Zapraszam do drugiej części historii „Pierwszych kilometrów” naszych „Ambasadorów Zdrowia” 🙂
Lena Dąbrowska
Na początku małe zastrzeżenie. To nie będzie historia mojego pierwszego-pierwszego biegu w ogóle, ale zdecydowanie biegu najważniejszego, takiego po którym bieganie już ze mną zostanie i dlatego pierwszego, bo otworzyło dla mnie nowy okres aktywności fizycznej w znacznej mierze opartej od tego momentu na bieganiu.
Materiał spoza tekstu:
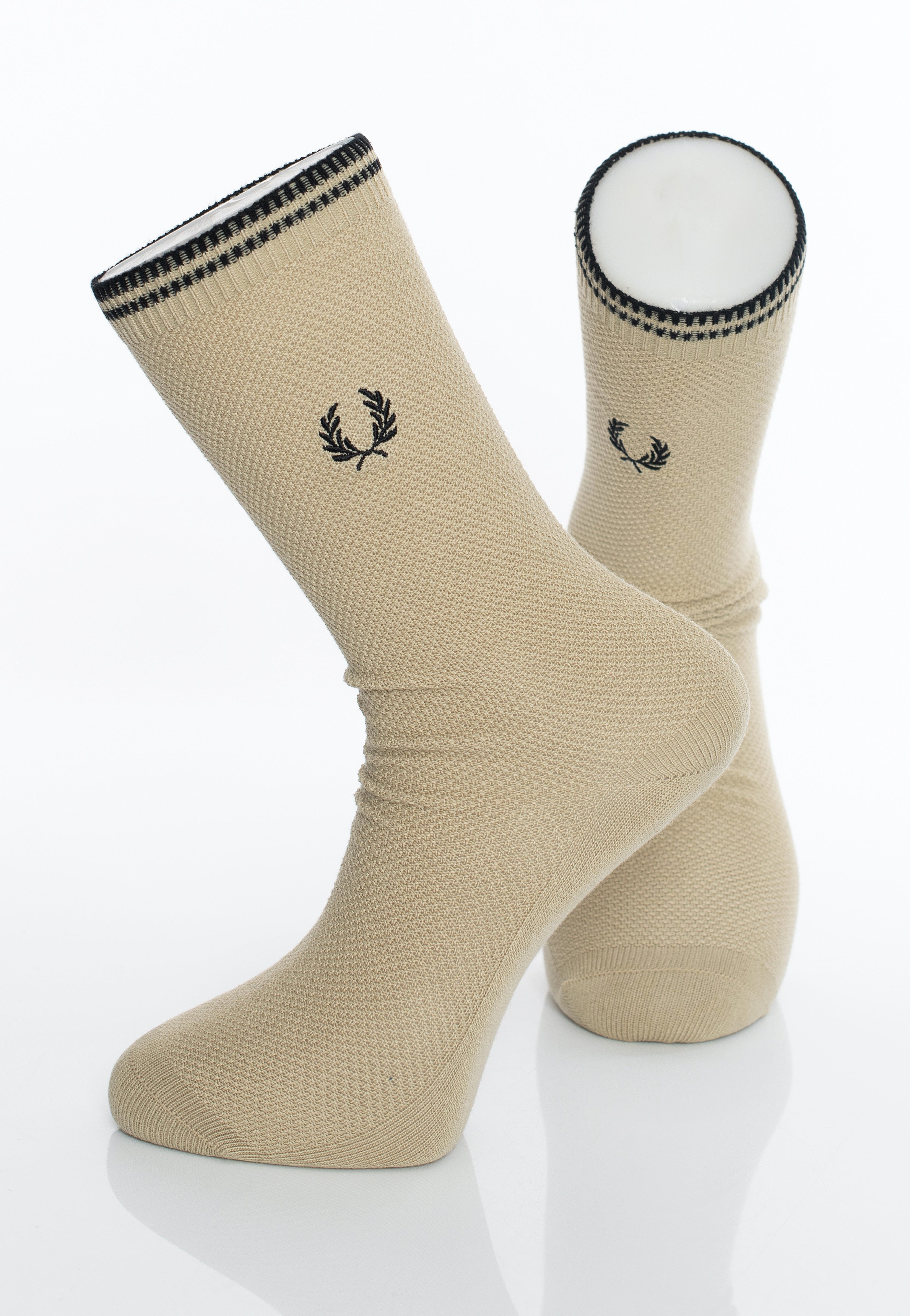 Fred Perry - Tipped Lightoyster/Black - Socks | Neutral-Image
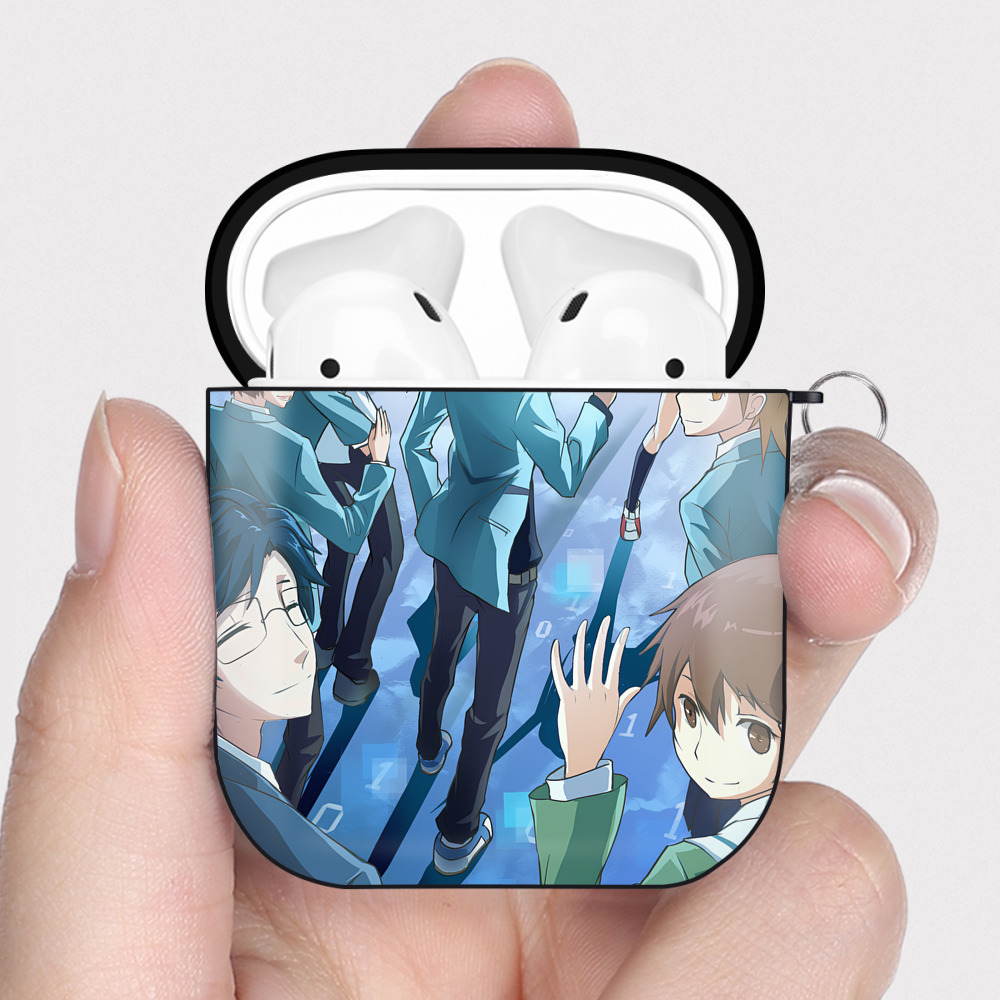 （画像用） Digimon デジタルモンスター/デジモン AirPods 第2世代保護ケース ハードシェル ブラック 耐衝撃・防指紋・カラビナ付き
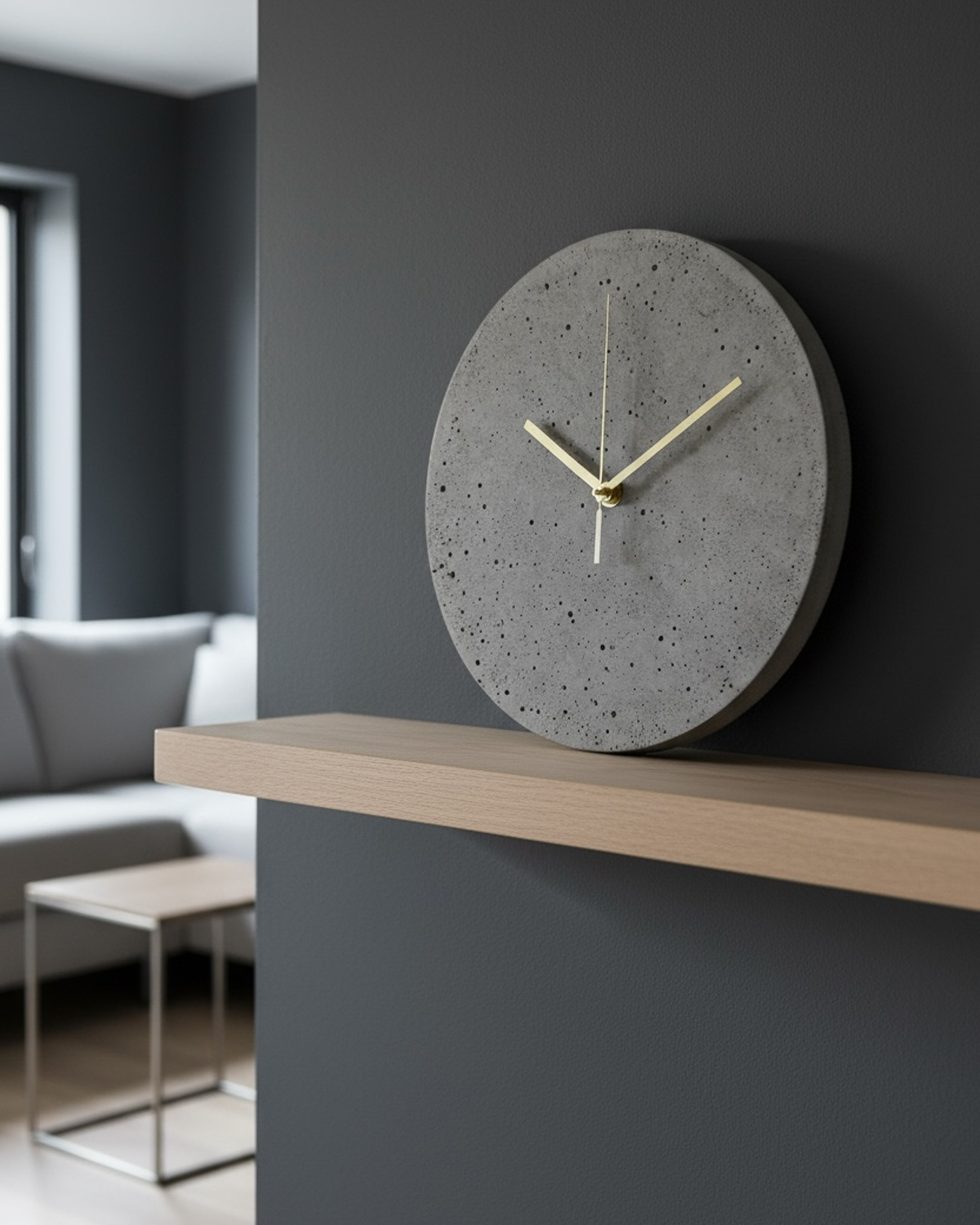 zegar-betonowy-szary Zegar betonowy Szary CADENZA 35 cm ścienny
Po tym biegu (i, nie ukrywajmy, kilku kolejnych odzwierciedlających trasą ten pierwszy) zwyczajnie złapałam bakcyla i to takiego, po którym biegania już nie odpuszczę. Wiadomo, jak to jest w życiu, czasem pojawiają się przerwy, te bardziej czy te mniej planowane, czasem pojawia się też zmęczenie, czy zniechęcenie i zerka się dla odmiany na inne aktywności sportowe, tak choćby na moment. Od tamtego pierwszego biegu w lipcu 2010 r. jednak wiem, że w takiej bardziej planowanej przerwie i tak będzie mi tego truchtania brakowało i z jeszcze większą przyjemnością czym prędzej do niego wrócę. Tyle tytułem przydługiego wstępu.
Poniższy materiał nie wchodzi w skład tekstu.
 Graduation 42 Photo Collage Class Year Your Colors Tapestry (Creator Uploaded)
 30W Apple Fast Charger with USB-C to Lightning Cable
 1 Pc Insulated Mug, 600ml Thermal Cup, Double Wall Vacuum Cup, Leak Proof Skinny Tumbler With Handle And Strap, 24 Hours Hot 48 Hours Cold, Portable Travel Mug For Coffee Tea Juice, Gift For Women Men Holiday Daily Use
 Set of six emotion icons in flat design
Jest raczej bezdyskusyjne, że gdyby się dokładnie przyjrzeć to nasze życie składa się z ciągłych zmian. Czasem jednak pojawia się w życiu zmiana na tyle istotna, że wywołuje w nas dodatkową potrzebę kolejnych zmian, które mają być niejako naszą odpowiedzią na tą pierwszą, inicjującą kolejny splot wydarzeń. Upraszczając, czasem dochodzimy do ściany, albo to ściana dociera do nas i nie mamy innego wyjścia, jak tylko przejść przez nową dla nas sytuację, w danej chwili niekoniecznie ocenianą przez nas jako pozytywna i pożądana 😉 Jak to jednak mawia Tony Horton (jeden z trenerów BeachBody, współautor świetnego systemu treningowego P90X) CHANGE IS GOOD. I ma rację. Zmiany są dobre. Nawet jeśli dostrzeżemy to dopiero po czasie, do każdej zmiany (szczególnie tych wydawać by się mogło, mniej korzystnych) warto podejść z nastawieniem „złe dobrego początki”, bo nie ma tego złego, co by na dobre nie wyszło i to się faktycznie sprawdza, a przynajmniej ja w to wierzę.
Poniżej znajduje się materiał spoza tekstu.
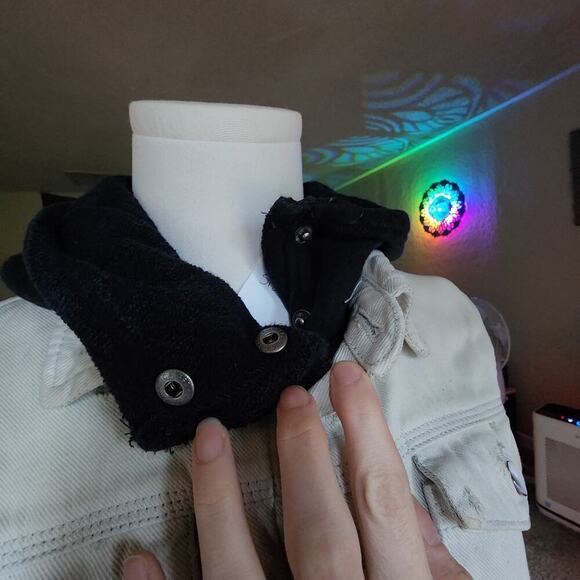 Free People White Black Layered Hoodie Acid Wash Denim Button Up Distressed Sz S - Picture 5 of 8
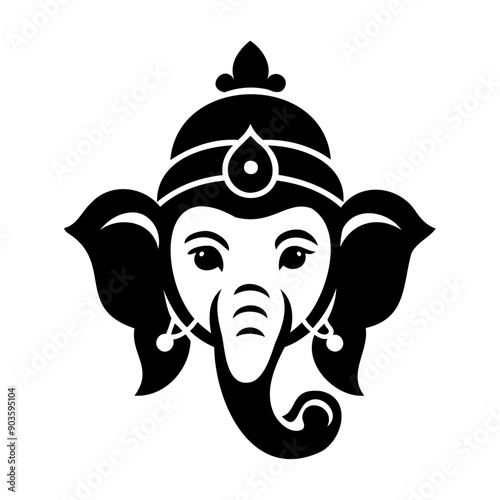 Hindu lord Ganesh silhouette tattoo icon vector illustration design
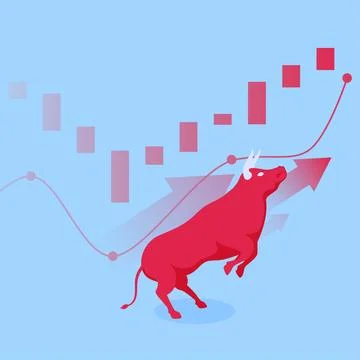 The bull raises its two front legs jumping over the graph, a metaphor for r.. Stock Illustration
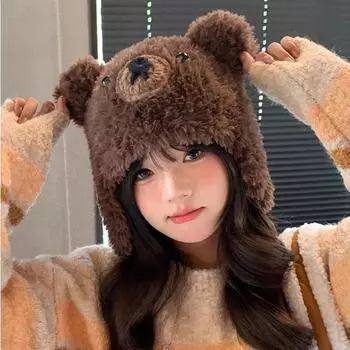 Мультяшная плюшевая вязаная шапка с ушками медведя для женщин, осень-зима 2024, новая милая теплая универсальная шапка-пуловер чёрный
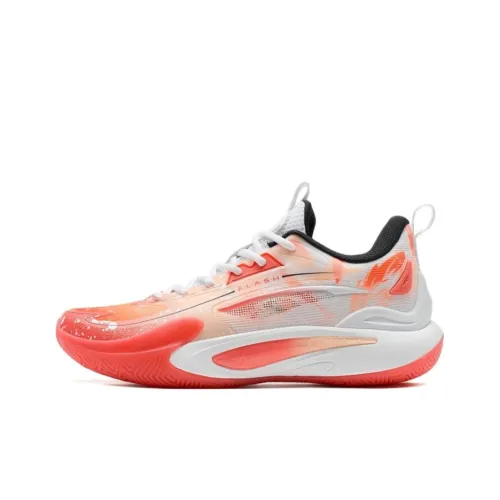 XTEP Wear resistant And Lightweight Low Top Torsion System Basketball Shoes Men's Red White
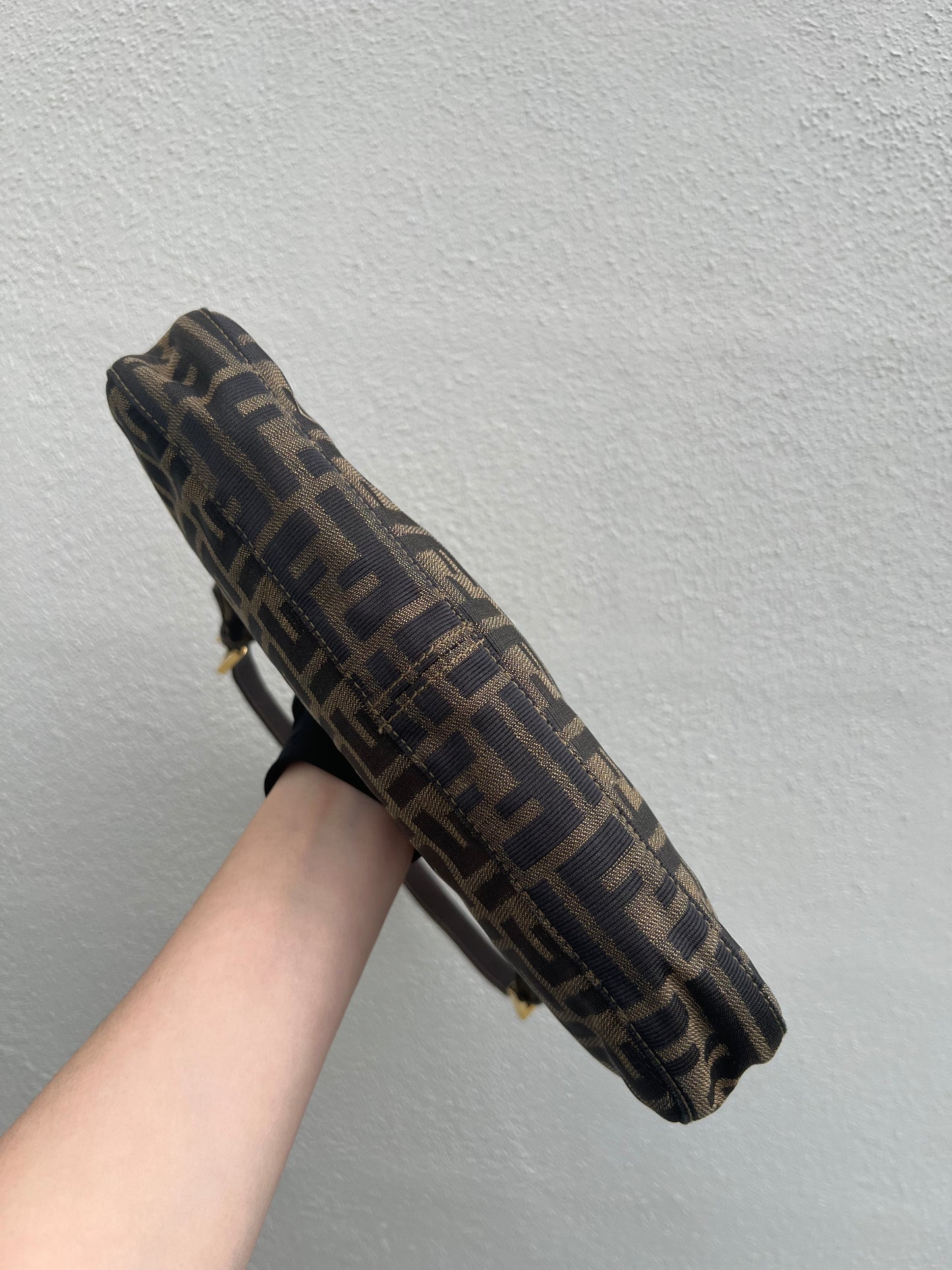 Pre-loved FENDI Zucca Canvas Mamma Croissant Baguette Shoulder Bag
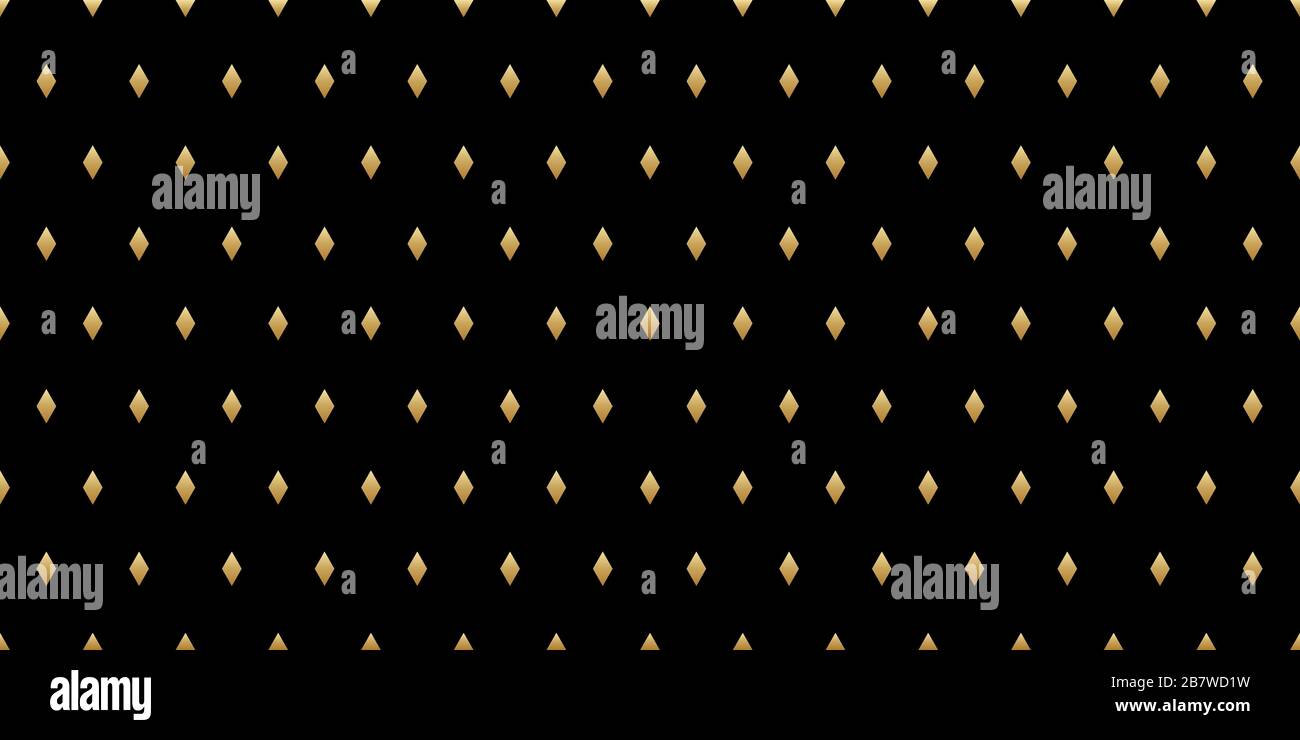 Luxury seamless pattern. Gold diamonds on a black background. Vector geometric minimal pattern for premium design Stock Vector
Wracając do pierwszego biegu, zamiast stereotypowo wylądować u fryzjera, na zakupach, czy też maratonie imprez dopadł mnie pomysł na POBIEGANIE. Tak, dokładnie pobieganie, wcale nie bieganie. Jak się dzisiaj nad tym zastanowię – ja wcale nie chciałam biegać. W dodatku na początku moja chęć pobiegania też nie była zbyt żywa, nie planowałam też, że zacznę uczestniczyć w jakichkolwiek zorganizowanych startach (czyt. imprezach biegowych). Przed pierwszym biegiem przez głowę mi nawet nie przeszło, że w ogóle kiedykolwiek, a już zupełnie w niedługim w sumie czasie pokonam pierwszy w życiu maraton. Na początku była to bardziej ciekawość oparta o – jak patrzę na to z dzisiejszej perspektywy – niemal bezmyślne wyjście do parku. Celem było po prostu aby wyjść i pobiegać COKOLWIEK. Uznałam, że dwa okrążenia wokół stawu w sąsiednim parku będą wystarczające. I tak właśnie pewnego lipcowego poranka 2010 roku wyszłam. Pobiegać.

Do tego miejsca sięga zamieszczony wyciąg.